To recap my last post, Robert Sommer intended building users’ needs to be accounted for in the design process. He notes in his book about social design that an architect can best encourage this during smaller scale, human-oriented projects. Using inclusive, democratic approaches when dealing with building owners and users helps, too. In his textbook on environmental psychology, Robert Gifford outlines six goals that social designers aim to achieve during a project. The first is to match the needs of occupants to a physical setting. This is known as habitability, congruence, or goodness of fit and is the overarching goal of the social design philosophy. The second goal is to satisfy building users. This is important because occupants spend much of their time in the finished space. Third, social design aims to change behavior. Depending on the context of the project, this may mean increasing productivity in office staff, encouraging pro-social behavior in an assisted-living facility, or decreasing aggression in prison inmates. Fourth, enhancement of personal control within a space is key. When an occupant can alter a setting to suit his or her needs, greater satisfaction and stress reduction is generally experienced. The fifth goal is to facilitate social support among occupants. Enhancing cooperation among those who live or work in a space is often desirable. Lastly, the sixth goal is to employ imageability. This occurs when a building helps occupants and visitors navigate the building efficiently and successfully.

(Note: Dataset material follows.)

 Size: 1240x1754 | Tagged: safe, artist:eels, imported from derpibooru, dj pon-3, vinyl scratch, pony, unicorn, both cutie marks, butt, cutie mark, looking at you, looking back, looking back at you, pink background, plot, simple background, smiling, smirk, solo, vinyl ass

These goals sound idyllic but, as my last post outlined, new research using the term "social design" is difficult to find. However, “evidence-based design” has become a popular way to link planning and design research with user attitudes and behaviors. Like social design, the intention of evidence-based design is to improve architectural and human outcome measures (e.g., thermal efficiency, worker productivity, occupant satisfaction, and stress reduction).
The rationale behind evidence-based design is that developing best practices becomes simpler when there is evidence that something works well in a real-life setting. For example, a knowledge base about lighting, ambient temperature, or air quality in particular environments, such as hospitals or schools, can ensure the efficient construction of future buildings, leading to higher occupant satisfaction and longer building lifespans. Or at least avoid the mistakes of the past. Presumably, designers must ask building users about these elements to form a knowledge base from which evidence is drawn!

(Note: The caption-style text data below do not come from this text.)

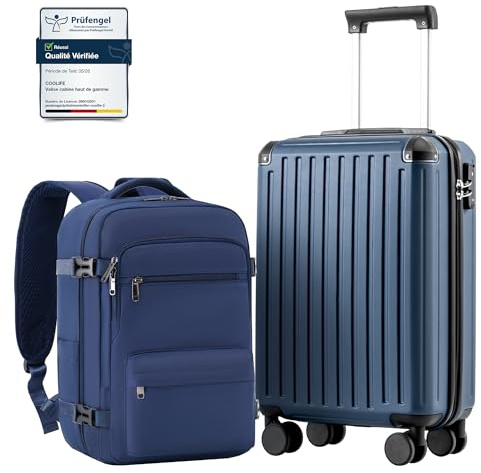 COOLIFE Ryanair Valigia Bagaglio a mano,Set di Valigie,Trolley,Valigia da cabina 55×35×20 e zaino da imbarco 20L(40×25×20cm) Chiusura a combinazione laterale con TSA per EasyJet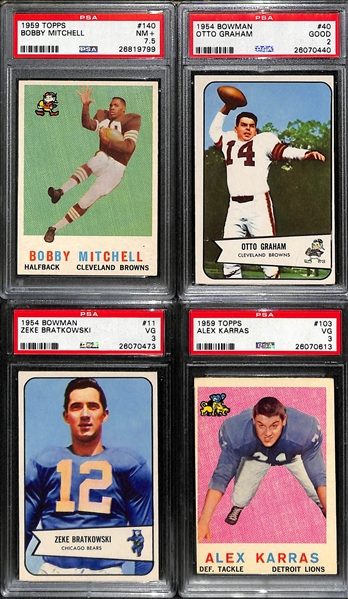 Lot of (16) Mostly 1950s Bowman & Topps PSA Graded Football Cards with Gifford, Blanda, Layne and More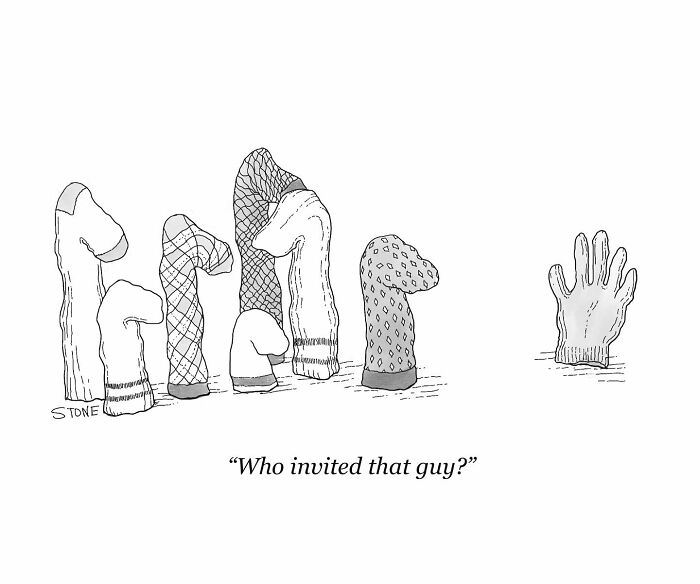 Hilarious comic showing socks talking about a glove, turning everyday thoughts into funny illustrations.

At first glance, it seems that evidence-based design is remarkably similar to social design. Although, the two concepts differ insofar as the goals of social design are not strictly driven by evidence. Also, evidence-based design may or may not incorporate user input in its process. Perhaps these subtleties are not noted in practice, allowing social design and evidence-based design to merge into the same concept among researchers, theorists, and professionals?

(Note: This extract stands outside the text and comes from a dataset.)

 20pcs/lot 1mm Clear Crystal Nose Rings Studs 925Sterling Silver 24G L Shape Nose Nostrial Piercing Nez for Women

Then there is the term “participatory planning” (or “participatory design”). In his book, Robert Sommer often used these interchangeably with social design. Like social design, the principles of participatory planning are rooted in social action. A participatory planner behaves much like a social designer in that he or she enables stakeholders to assist in making decisions about the design process. Another analogue to social design is the fact that participatory planning works best at the local level. Clearly, the intent of the concept is similar. Both allow users of a space—be it a building, neighborhood, or larger urban network—to make value judgments during the design process to enhance the outcome.
Moreover, participatory planning is a social practice in which individuals or groups take part in the planning process to ensure outcomes match the occupants’ needs. This bottom-up approach is also what defines social design in theory and practice.
It seems to me that social design, evidence-based design, and participatory planning share a common bond: To make sure those who use a setting are consulted during the design process. Each modality gathers occupant input in different ways, but the intended outcome for each is the same. And so, regardless of terminology, when environments are created with users in mind, they may be enjoyed over the long term with as few physical, social, and environmental challenges as possible.